Have you ever wondered what it would be like to go on a date with a bonafide rock and roll star? To have VIP treatment at every exclusive high brow club in the world? To take champaigne bubble baths? To be escorted around town in a lavish stretch limosine with a strip club in the back? To become gossip fodder in every tabloid newspaper on the stands? Well, ladies, here it comes...

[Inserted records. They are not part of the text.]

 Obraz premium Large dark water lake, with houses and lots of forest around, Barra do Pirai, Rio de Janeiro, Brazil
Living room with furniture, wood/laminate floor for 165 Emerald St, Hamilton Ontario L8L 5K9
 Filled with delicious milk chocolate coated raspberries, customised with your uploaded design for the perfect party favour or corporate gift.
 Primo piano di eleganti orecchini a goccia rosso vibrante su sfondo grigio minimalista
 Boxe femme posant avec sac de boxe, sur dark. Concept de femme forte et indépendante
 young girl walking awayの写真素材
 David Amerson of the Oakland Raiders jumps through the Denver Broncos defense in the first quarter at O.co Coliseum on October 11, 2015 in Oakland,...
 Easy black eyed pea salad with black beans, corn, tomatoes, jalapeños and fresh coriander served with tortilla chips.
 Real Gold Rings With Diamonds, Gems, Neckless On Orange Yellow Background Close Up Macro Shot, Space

Win a date with Piss Pissedoffherson!

That's right. That sexy motherfucker who heads up The Devil's Own is whoring himself out to the winner at no cost to you what-so-ever. All you have to so is state in ten words or less why you should be the winner of the Win a Date with Piss Pissedoffherson contest. Submit your answers to Dana and she will choose the winner. But, it ain't even that easy, you dripping lasses. Read below for terms and conditions.

Terms and Conditions:

1. For the love of God, please be hot. By this, I mean, don't go trying to pull one over on me. I have a very serious reputation to uphold and uglies don't fit in it.
2. Please, be 18 or older. I have a serious reputation I'm trying to shake and if the cops see me meandering around the schoolyard again, well, off I go.
3. No high school dimploma or college degree required. It'd be nice if you have a brain though. Worry none, honey, I won't make you use it.
4. If you are the winner of this date, please leave all of your baggage at home. It's only a date and I couldn't care less if your boss sexually harrassed you at the office early that day. It'll be my cock you're sucking, not his.
5. Again, if you are the winner of the most exciting contest ever held, and if you are really lucky (two kinds of luck, sweetness, remember that!), expect to have your legs scrambled and your eggs deviled.
6. Suicide Girls greatly encouraged to participate. If you are a Suicide Girl and you don't win (hint: it's rigged in your favor), you are still encouraged to go on the date.
7. Now, depending on if you take this seriously or not, I may or may not take this seriously either. But, if you're diamond enough (and just fucking sexy hot), I'll fly out to you and take you on a date and pay for the whole thing and all I would expect is a warm bed, some giving up of the jewelry box and you pay for coffee the next morning.

I can feel you gushing now. Ladies, rev up for your downfall.